• **INSTRUCTIONS FOR THE TASK**:
Your answer must be the lines from the top of the listing below through the line that holds "Psychedelic Fractal Leather Bears #9 #3", retyped exactly, with no pictures.

-*-

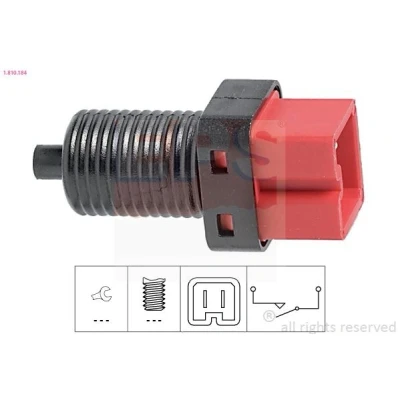 Imagem de EPS 1.810.184 Interruptor de luz stop mecânico Made in Italy OE Equivalent PEUGEOT: 307 SW, 206 Hatchback, CITROËN: C3 I Hatchback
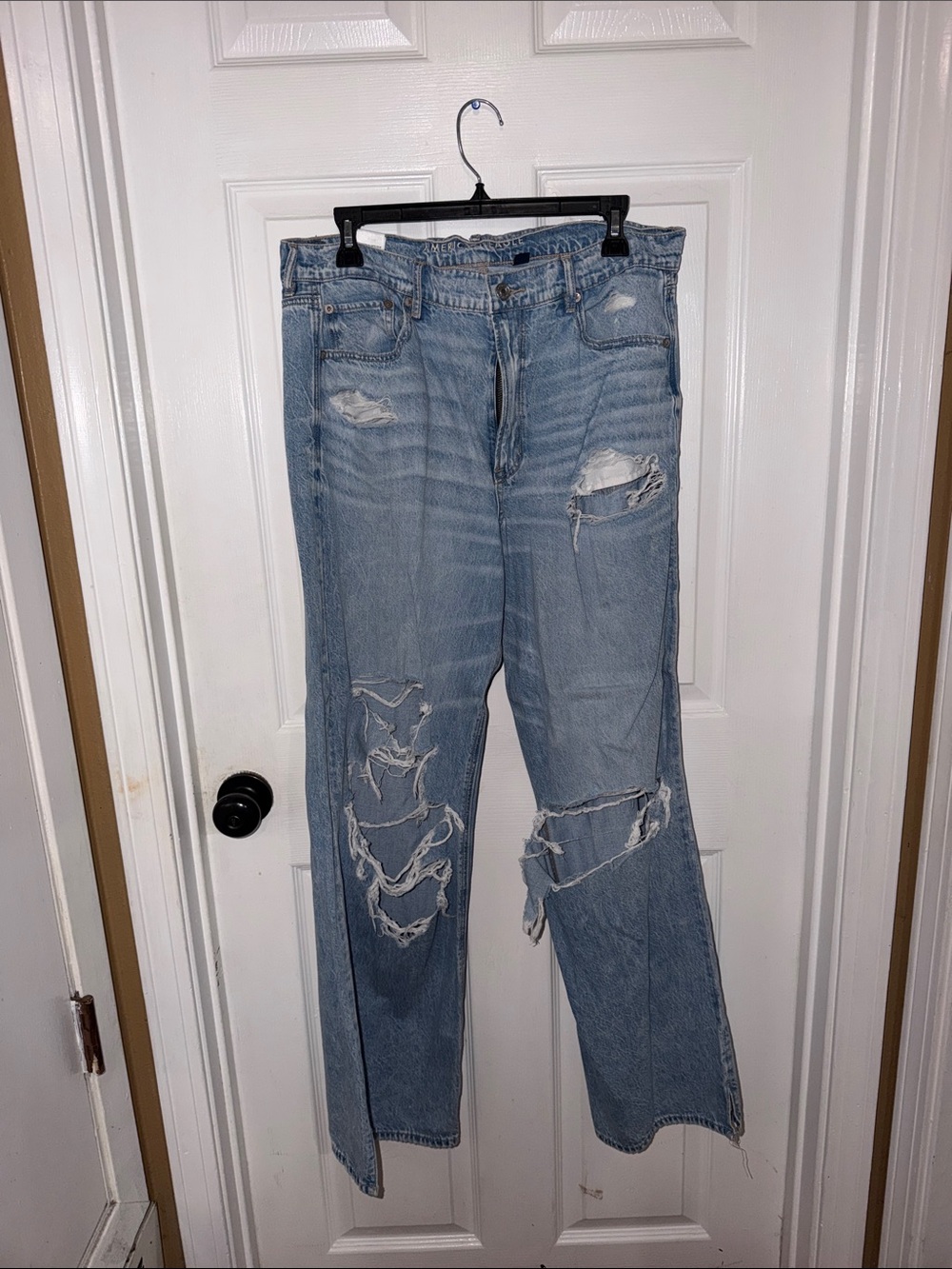 AE DREAMY DRAPE SUPER HIGH WAISTED BAGGY WIDE LEG Jean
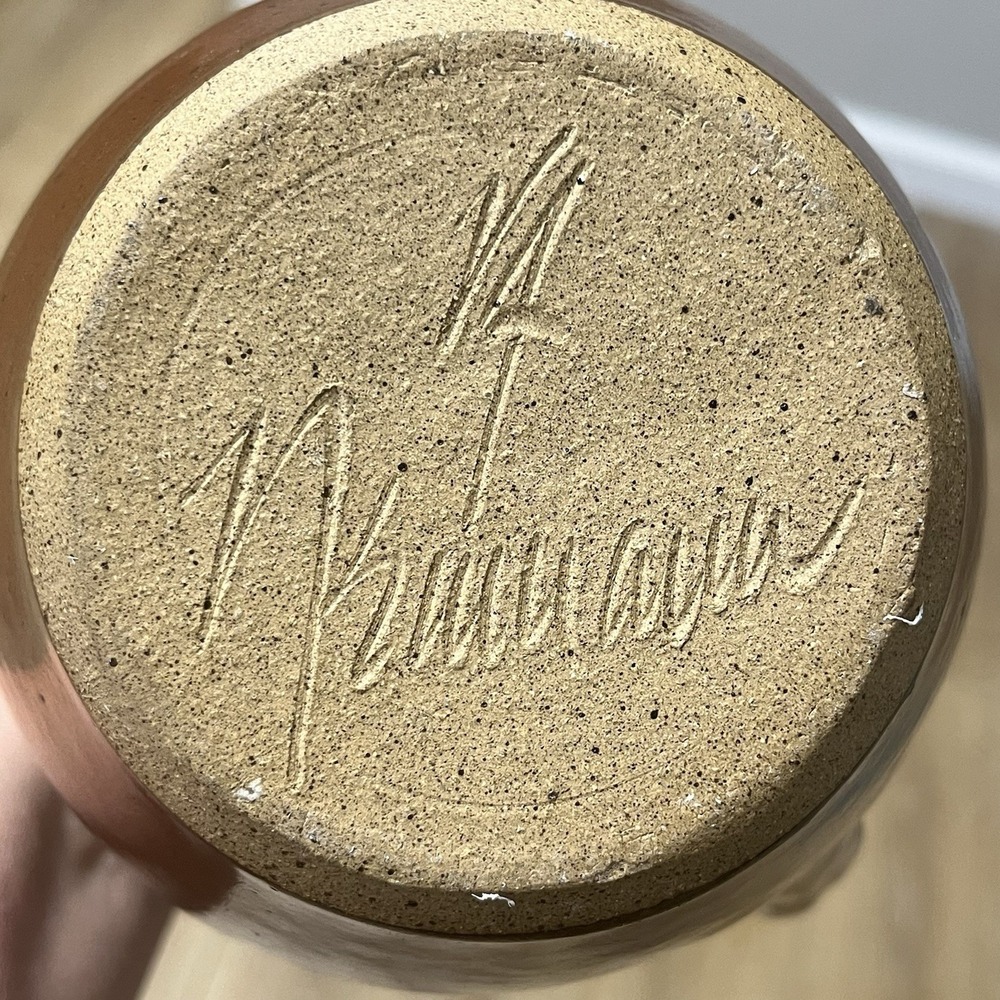 Stoneware‎ Pottery Signed By Val Neumann Pitcher Hand Thrown Earth Tones - Picture 9 of 12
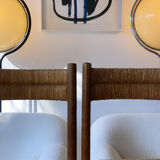 Pair chair child straw design 1950/1960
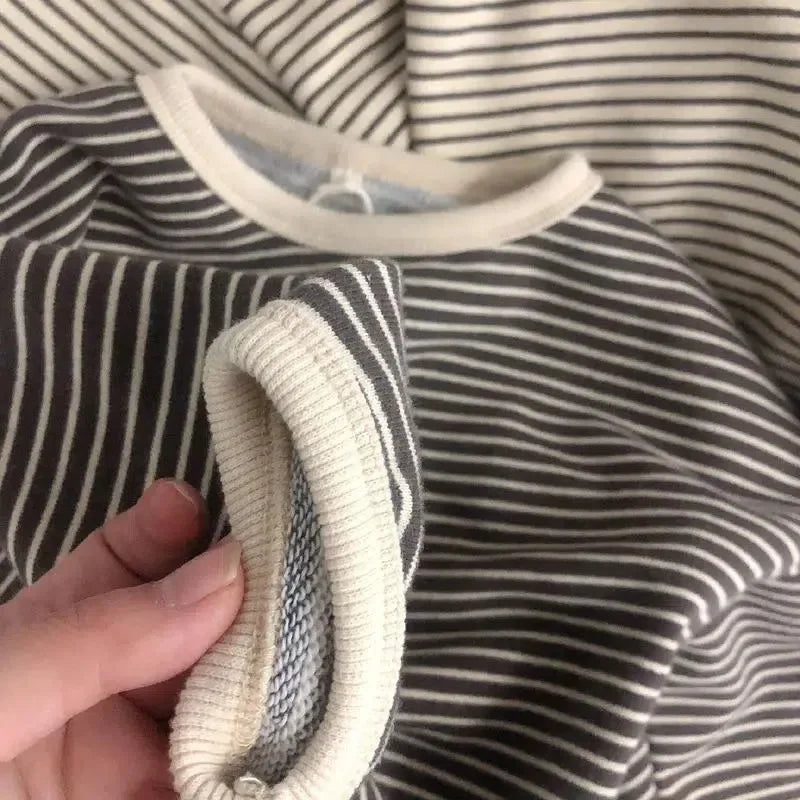 Elijah Long Sleeve T-shirts Striped Tees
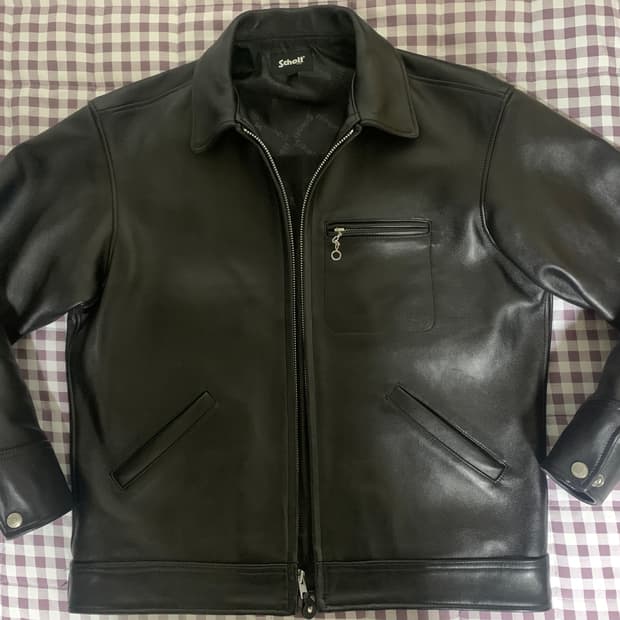 schott nyc tracker leather 쇼트 트래커 레더 자켓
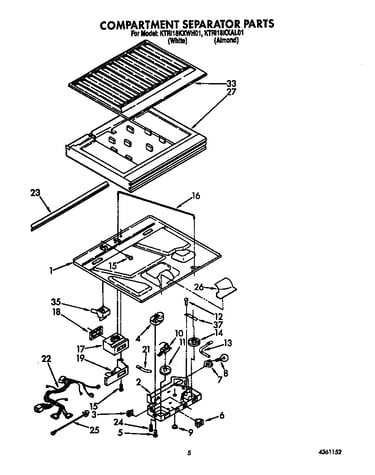 Compartment separator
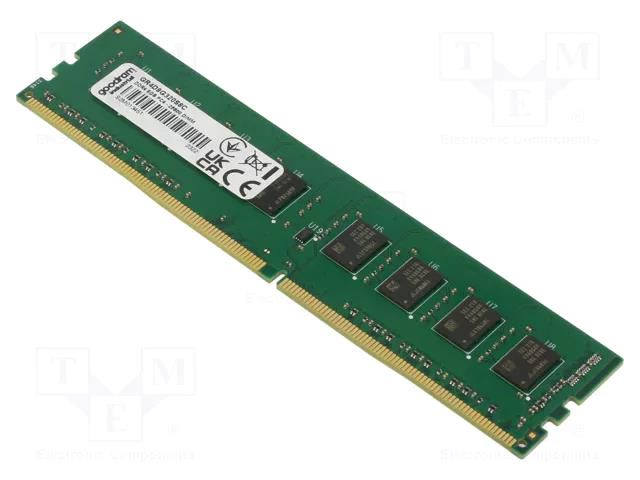 DRAM memory; DDR4 DIMM; 3200MHz; 1.2VDC; industrial; 1Gx8; 0÷85°C GOODRAM INDUSTRIAL GR4D8G320S8C-SCWE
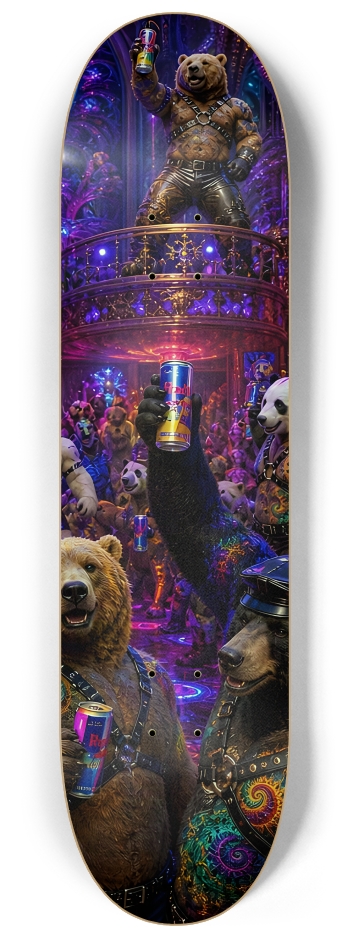 Psychedelic Fractal Leather Bears #9 #3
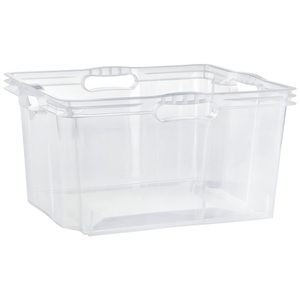 CONFORAMA, Aufbewahrungsbox FRANZ durchsichtig 43x35x23cm, XXXLutz Aufbewahrungsbox 43/35/23 cm , 1027400100000 , Transparent , Kunststoff , 1 Fächer , 35x23 cm , glänzend , Deckel, stapelbar , 003556018501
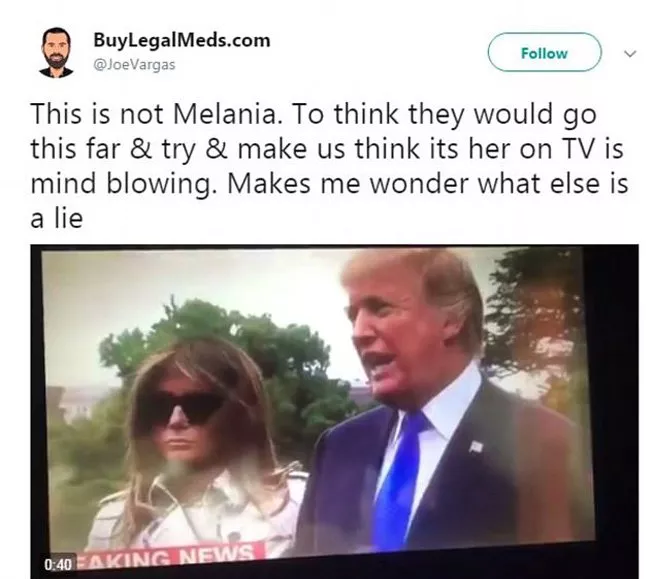 هل تستعين Melania Trump بامرأة أخرى لتنتحل شخصيّتها؟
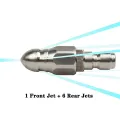 Pressure Washer Sewer Jetter Nozzle with Stainless Steel, ,1/4Inch. 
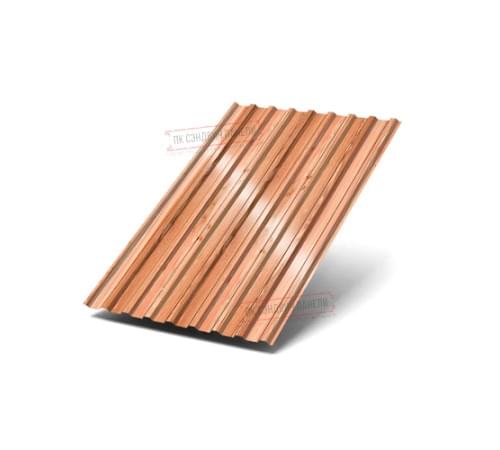Профнастил МП20-1100 ECOSTEEL_T-Кедр-0.5. Профнастил МП20-1100 ECOSTEEL_T-Кедр-0.5.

-*-

• **SOLUTION**:
 Imagem de EPS 1.810.184 Interruptor de luz stop mecânico Made in Italy OE Equivalent PEUGEOT: 307 SW, 206 Hatchback, CITROËN: C3 I Hatchback
 AE DREAMY DRAPE SUPER HIGH WAISTED BAGGY WIDE LEG Jean
 Stoneware‎ Pottery Signed By Val Neumann Pitcher Hand Thrown Earth Tones - Picture 9 of 12
 Pair chair child straw design 1950/1960
 Elijah Long Sleeve T-shirts Striped Tees
 schott nyc tracker leather 쇼트 트래커 레더 자켓
 Compartment separator
 DRAM memory; DDR4 DIMM; 3200MHz; 1.2VDC; industrial; 1Gx8; 0÷85°C GOODRAM INDUSTRIAL GR4D8G320S8C-SCWE
 Psychedelic Fractal Leather Bears #9 #3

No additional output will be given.